Problem to work on =>
The answer is the line containing "Salesforce employees are" plus every line after it to the end of the material, retyped exactly and without the pictures.

Given data START

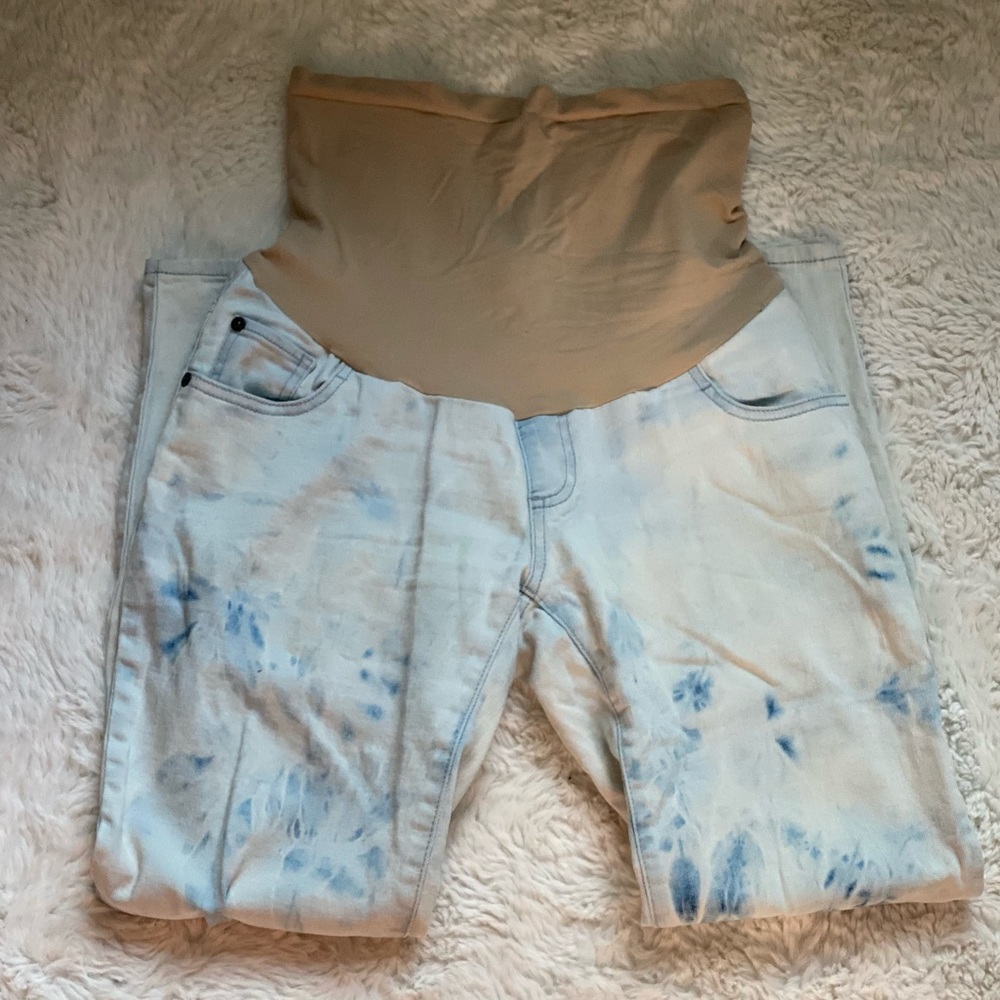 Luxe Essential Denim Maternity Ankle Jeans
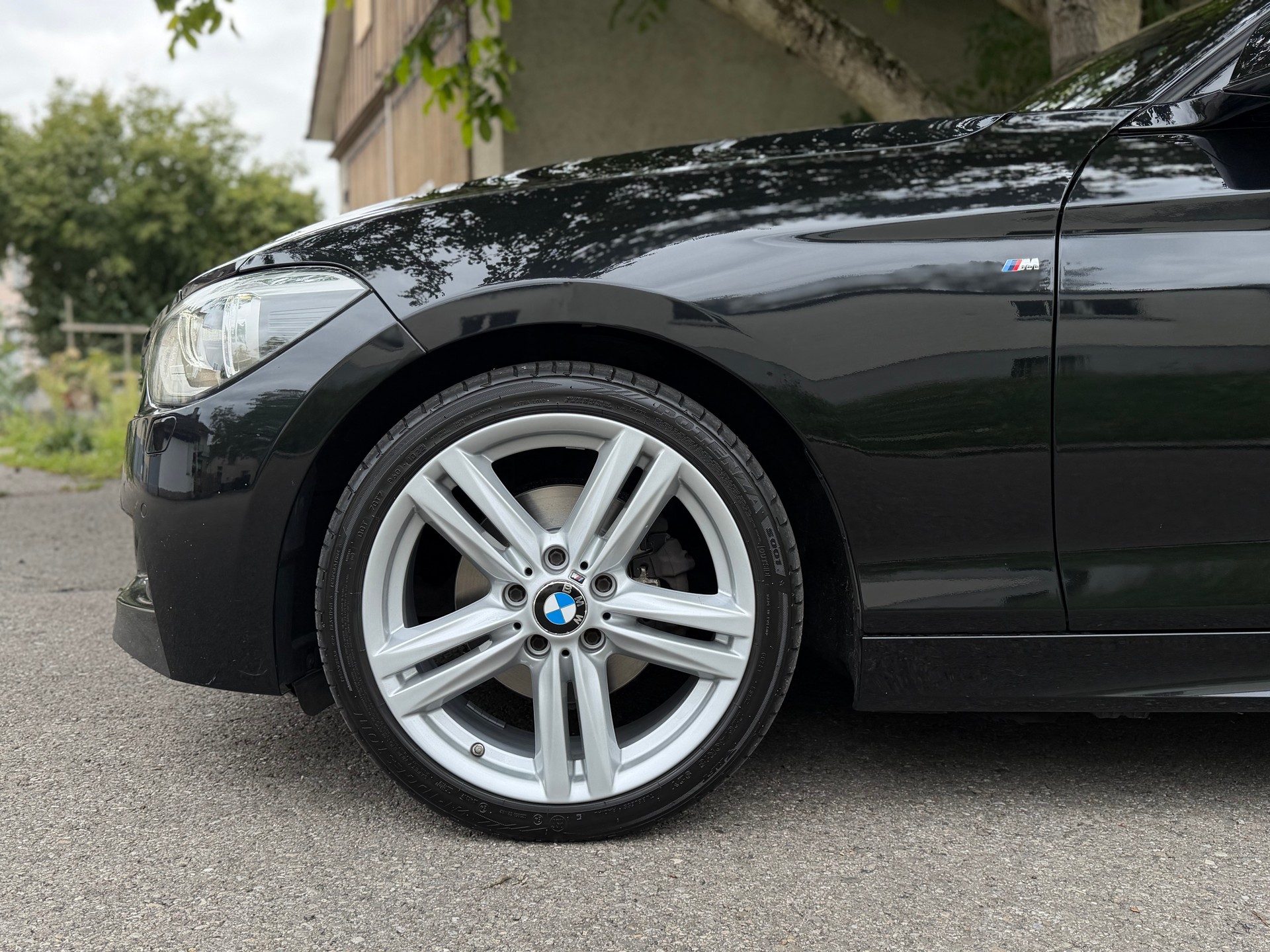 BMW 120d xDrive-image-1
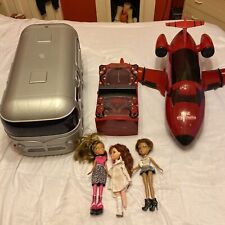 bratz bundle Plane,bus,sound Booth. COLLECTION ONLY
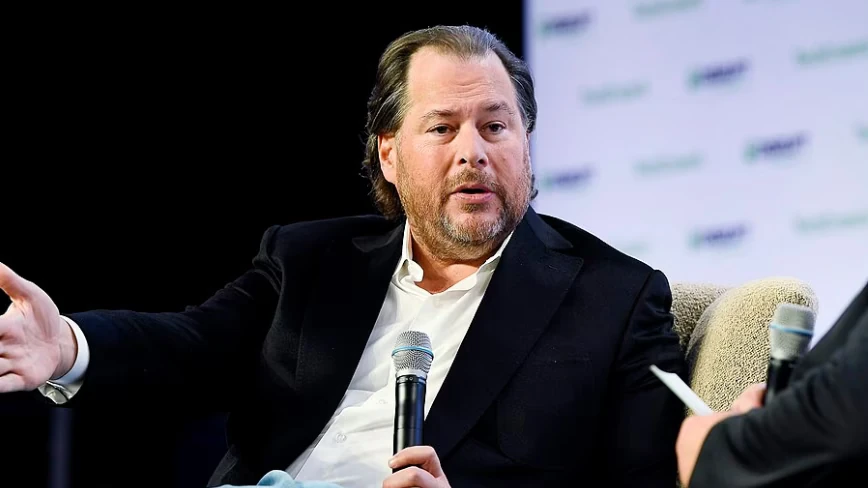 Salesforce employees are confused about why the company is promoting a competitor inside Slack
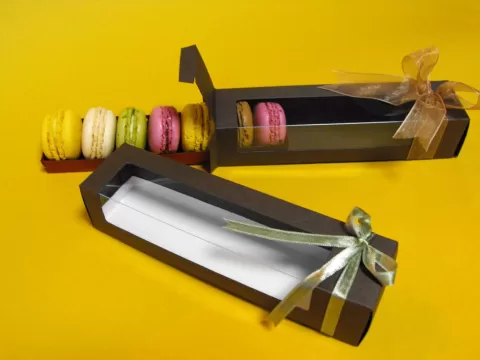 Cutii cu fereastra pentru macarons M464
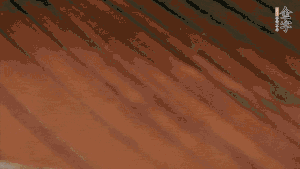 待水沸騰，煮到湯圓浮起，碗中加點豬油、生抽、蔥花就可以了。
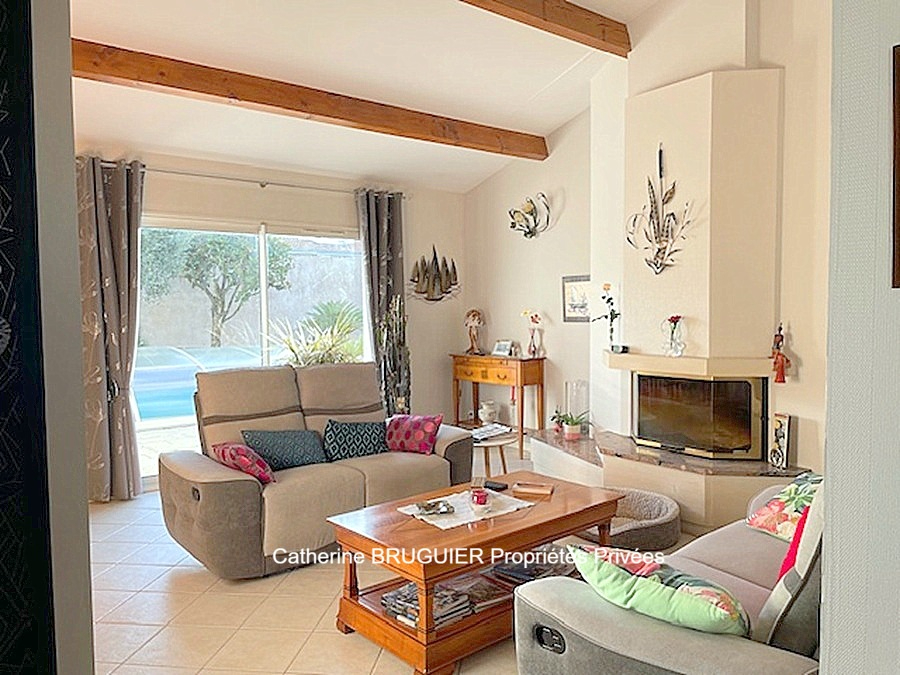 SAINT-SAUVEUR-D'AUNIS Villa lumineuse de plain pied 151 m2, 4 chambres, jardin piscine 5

Given data END

Output of the task =>
 Salesforce employees are confused about why the company is promoting a competitor inside Slack
 Cutii cu fereastra pentru macarons M464
 待水沸騰，煮到湯圓浮起，碗中加點豬油、生抽、蔥花就可以了。
 SAINT-SAUVEUR-D'AUNIS Villa lumineuse de plain pied 151 m2, 4 chambres, jardin piscine 5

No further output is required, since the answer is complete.